The Applied Biosystems primers used are as follows: GAPDH: Rn99999916_S1, β-actin: Rn00667869_m1; Gadd45a: Rn00577049_m1; Atf3: Rn00563784_m1; Cacna2d1: Rn01442580_m1; Smagp: Rn00788145_g1.

2.9. Statistical analysis

DNA microarrays: We identified statistically significant changes in gene expression differences with Significance Analysis of Microarrays (SAM) [47].

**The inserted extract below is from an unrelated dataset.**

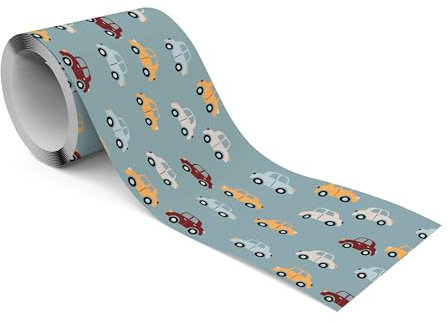 Muralo - Selbstklebende Bordüre - Tapetenbordüre Wandbördure - Dekorative Wandtatto für Wände, Möbel, Decken, Tapeten, Wandverkleidungen, Türen - Bunte Autos - Br.10cm x Hö.300cm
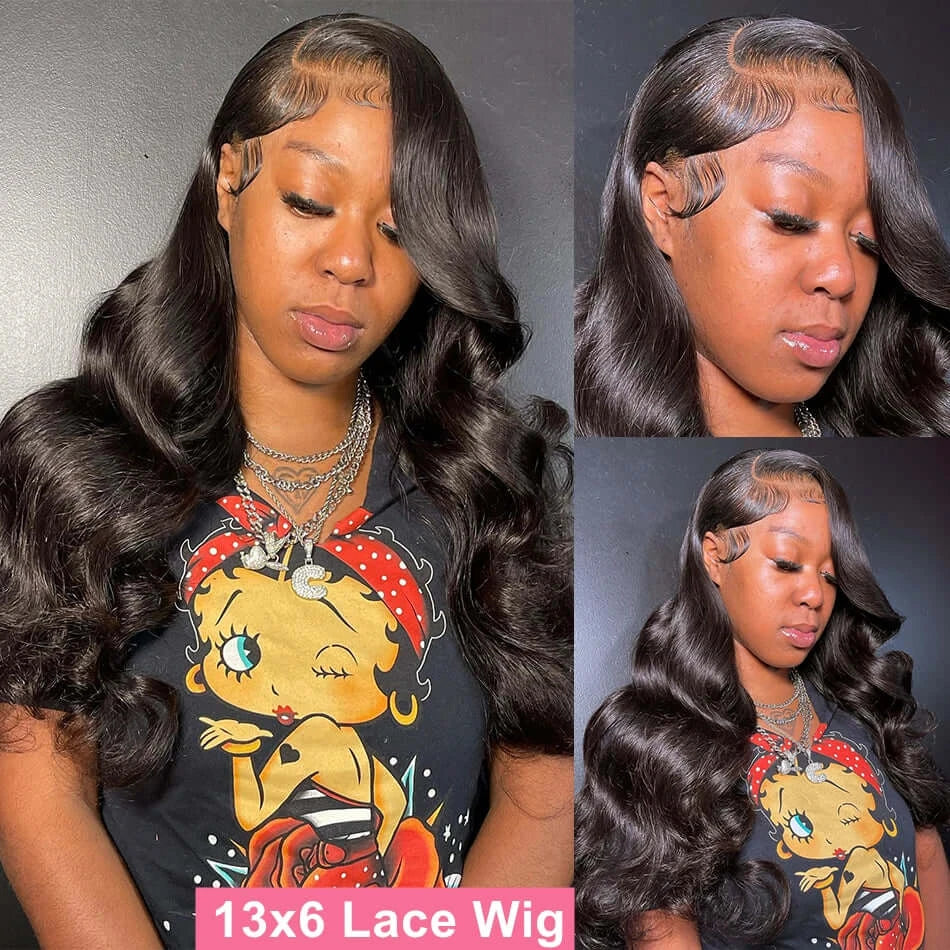 Neddie 250 Density 13x6 HD Transparent Body Wave Lace Frontal Human Hair Wigs For Women Brazilian 13x4 Lace Front Wig 30 40 Inch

Real time PCR and neurobehavioral testing: Data are expressed as mean ± s.d. For neurobehavioral tests differences between groups were compared using a two-tailed student t-test. For real time PCR groups were compared using the Tukey-Kramer test, to take multiple comparisons into account, using InStat software (GraphPad, La Jolla, CA). A P-value <0.05 was considered to denote statistical significance for all analyses.

3. Results

Particles were produced as a fine white powder, with yields in the 50% range by weight. Volume-weighted particle diameters were 56 ± 7.2 μm. Animals were injected once at the sciatic nerve with blank PLGA particles (“blank” group), TBD (“TBD” group) or amitriptyline (“amitriptyline” group) formulations. (See rationale for the various groups in their respective subsections.) Blank particles were suspended in the amitriptyline solution so that polymeric particles would be present in all groups.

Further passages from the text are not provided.